● **Exercise details**
For the data below, transcribe the part that opens with the line containing "TRC Dark Ghost" and closes with the line containing "Photo of 2022", exactly and with no pictures.

● **Data provided**
-*-*-

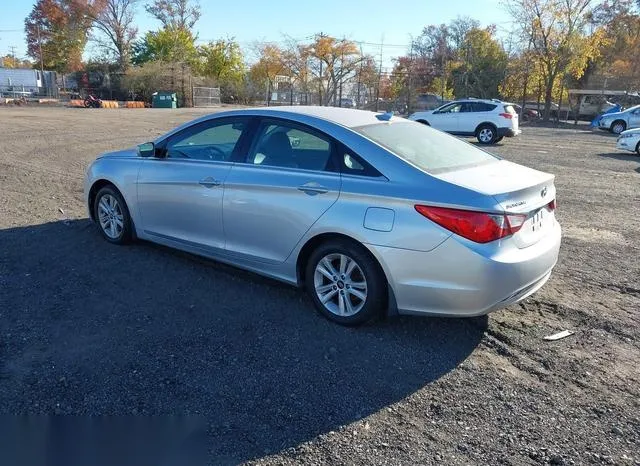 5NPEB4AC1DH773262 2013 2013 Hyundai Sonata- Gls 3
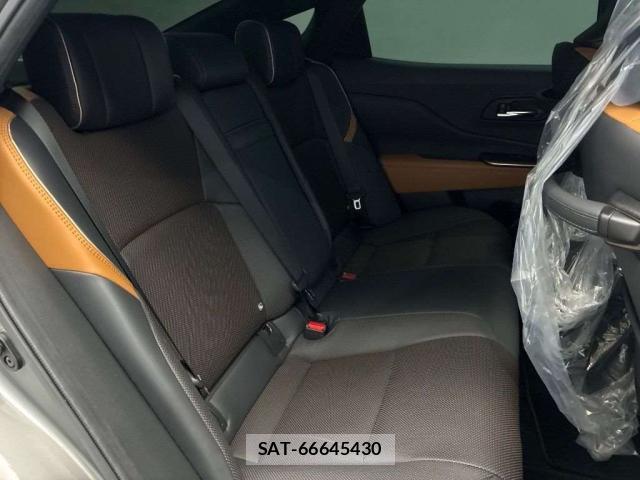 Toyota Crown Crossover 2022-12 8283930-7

-*-*-

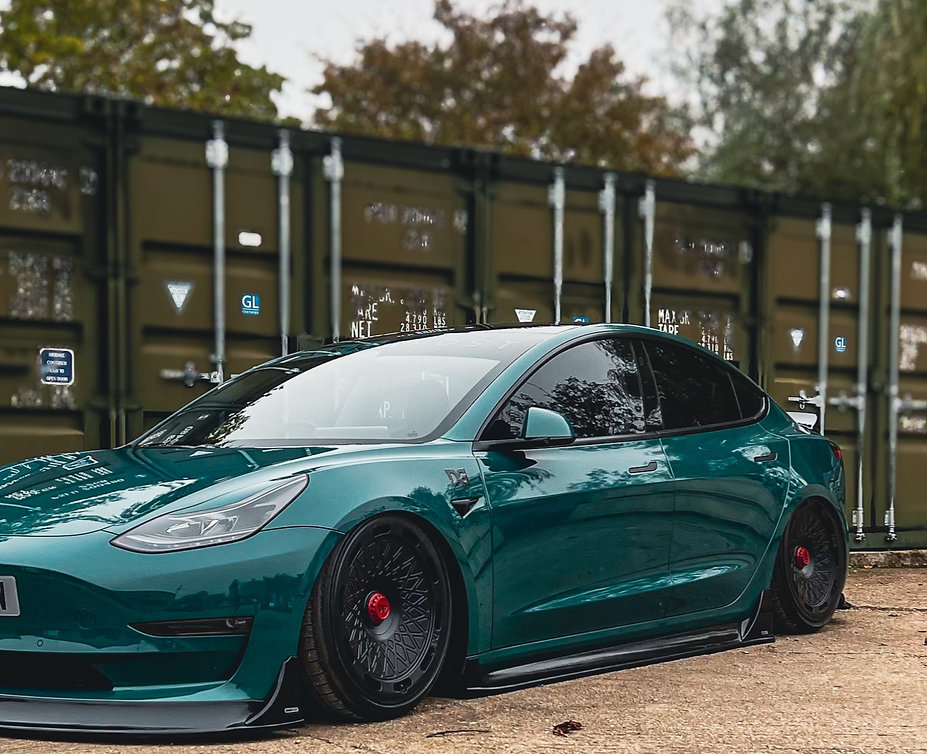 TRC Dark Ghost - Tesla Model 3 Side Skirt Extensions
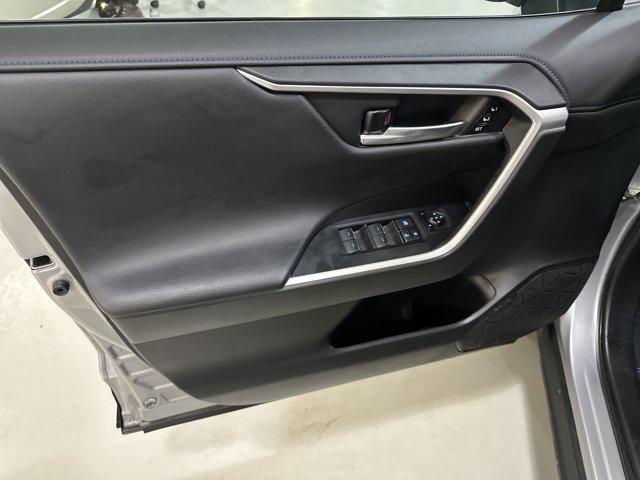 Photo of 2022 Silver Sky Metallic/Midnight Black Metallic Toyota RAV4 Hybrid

-*-*-

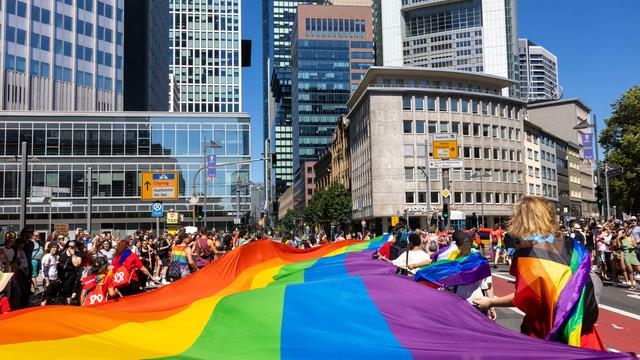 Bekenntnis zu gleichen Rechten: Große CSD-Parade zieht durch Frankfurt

-*-*-

● **Written answer**
 TRC Dark Ghost - Tesla Model 3 Side Skirt Extensions
 Photo of 2022 Silver Sky Metallic/Midnight Black Metallic Toyota RAV4 Hybrid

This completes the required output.